Flue gas composition (O2, CO, CO2, NOX, SO2, H2O) was continuously measured at the baghouse dust collector inlet (Point D, Figure 1) using a Fourier transform infrared (FTIR) analyzer (Gasmet DX4000, Vantaa, Finland). The analyzer, zero-calibrated with high-purity nitrogen before each test, operates in a spectral range of 900–4200 cm−1 with a configurable sampling interval (1 s to 5 min). Its detection limit for most species is <1 ppm, with an expanded uncertainty of 3% of the full-scale range.
Fly ash was sampled from three locations: the furnace chamber hopper (I), cyclone separator (II), and baghouse dust collector (III). The collected ash was analyzed for unburned carbon content and ash melting point. Furthermore, its mineralogical phase composition, chemical components, and morphology were examined using X-ray diffraction (XRD; Rigaku SmartLab SE, Tokyo, Japan), X-ray fluorescence (XRF; Thermo Scientific ARL Perform’x, Guangzhou, China), and scanning electron microscopy (SEM; SU-70, Hitachi, Tokyo, Japan). XRD provided high-resolution, non-destructive phase analysis. SEM allowed for imaging at magnifications from 20× to 800,000× and qualitative to quantitative elemental analysis.
Potential uncertainties from instrumental, operational, and human factors were considered. The overall experimental uncertainty was estimated following the Kline–McClintock method to ensure measurement reliability [31].

3. Results and Discussion

3.1. Effect of Co-Combustion on Ignition Position and Furnace Temperature

Figure 4 illustrates the flame images in the furnace, the pixel-wise mean image reconstructed from a 60 s video sequence and the associated vertical profiles of row-averaged pixel intensity during the co-combustion of HHO gas with bituminous coal in premixed (a–e) and staged (f–j) modes. In the premixed mode, a progressive increase in HHO gas flow rate shifts the entire flame front upstream, causing the peak of the mean-intensity profile to move closer to the nozzle. This signifies a marked reduction in ignition delay. At an HHO gas flow rate of 800 L/h, the ignition position moves above the observation window. In the staged mode, variations in HHO gas flow rate exerts a negligible influence on the flame-root position; the flame remained anchors slightly below the observation window. Although the peak position remains nearly unchanged, the overall heat-release rate increases monotonically with HHO gas flow. Overall, at any given HHO gas flow rate, the premixed configuration delivers a stronger enhancement; for example, the benefit obtained at 600 L/h in the premixed mode is equivalent to that at 1400 L/h in the staged mode.
Figure 4. Changes in ignition position during the co-combustion of HHO gas and bituminous coal. (ae) Premixed mode, and (fj) staged mode.
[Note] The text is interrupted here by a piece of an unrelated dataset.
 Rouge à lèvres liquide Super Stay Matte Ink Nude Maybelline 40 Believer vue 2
Figure 5 depicts the transient furnace temperature within the furnace during pulverized-coal combustion. When bituminous coal is burned, the temperature remains nearly constant, increasing slightly due to the thermal inertia of the one-dimensional adiabatic furnace. In contrast, firing anthracite leads to a monotonic temperature decrease, which is attributed to its poor ignition and prolonged burnout characteristics. At P1, the temperature decreases significantly because the anthracite does not ignite immediately and absorbs heat from the area. The temperatures at P2, P3, and P4 are higher than at P1 and P5, indicating that the main combustion zone is predominantly in this section, which represents a noticeable downward shift in the combustion region compared to that of bituminous coal. In the premixed mode, anthracite exhibits stable combustion when the HHO gas flow rate reaches or exceeds 600 L/h. In the staged mode, stable combustion of anthracite is achieved when the HHO gas flow rate is equal to or greater than 3000 L/h.
Figure 5. The temporal evolution of furnace temperature during pulverized-coal combustion. (a) Bituminous coal, (b) anthracite, (ce) anthracite co-fired with HHO in premixed mode, and (fh) anthracite co-fired with HHO in staged mode.
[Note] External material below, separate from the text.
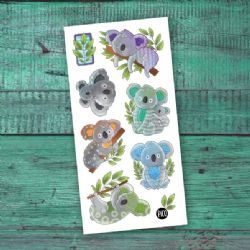 PICO TATOO - LES KOALAS COQUINS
Figure 6 presents the axial temperature profiles under various operating conditions. Co-combustion of HHO gas with bituminous pulverized coal elevates temperatures along the entire furnace axis without displacing the primary reaction zone, which remains centered at P1. Anthracite, due to its elevated fixed-carbon and reduced volatile-matter contents, exhibits markedly longer ignition delay [32]; only sporadic sparks are observed through the observation window, and the ignition front is situated beneath it. In the premixed mode, HHO gas is premixed with the primary air. Due to the lower furnace temperature, anthracite coal releases fewer volatiles, resulting in lower combustion intensity, and the transported-in anthracite coal also carries away some heat, hence causing the temperature at P1 to gradually decrease. As the mixture travels downstream, HHO gas reaches the rear zone (P4), where the temperature is relatively high due to the combustion of anthracite. HHO gas combusts vigorously at that location. Raising the HHO gas flow rate increases the temperature at P4 because the gas burns in the rear section, supplying additional heat and rendering P4 the hottest location. This in turn accelerates the burnout of anthracite and enhances overall combustion efficiency. In the staged mode, HHO gas is injected adjacent to the burner and ignited by an electric spark. The gas burns immediately at the furnace top, supplying supplementary heat that halts the temperature drop at P1 and subsequently elevates it. As the HHO gas flow increases, P2 and P3 evolve into high-temperature zones because additional heat released at the burner accelerates anthracite ignition, shifting the high-temperature region upstream. Consequently, the axial temperature distribution becomes more uniform and combustion efficiency improves. Collectively, these findings demonstrate that optimizing the HHO gas injection strategy can simultaneously improve the combustion process and enhance the combustion efficiency.
Figure 6. Furnace temperature profiles for various operating conditions. (a) Bituminous coal and HHO, premixed mode; (b) Bituminous coal and HHO, staged mode; (c) Anthracite and HHO, premixed mode; (d) Anthracite and HHO, staged mode.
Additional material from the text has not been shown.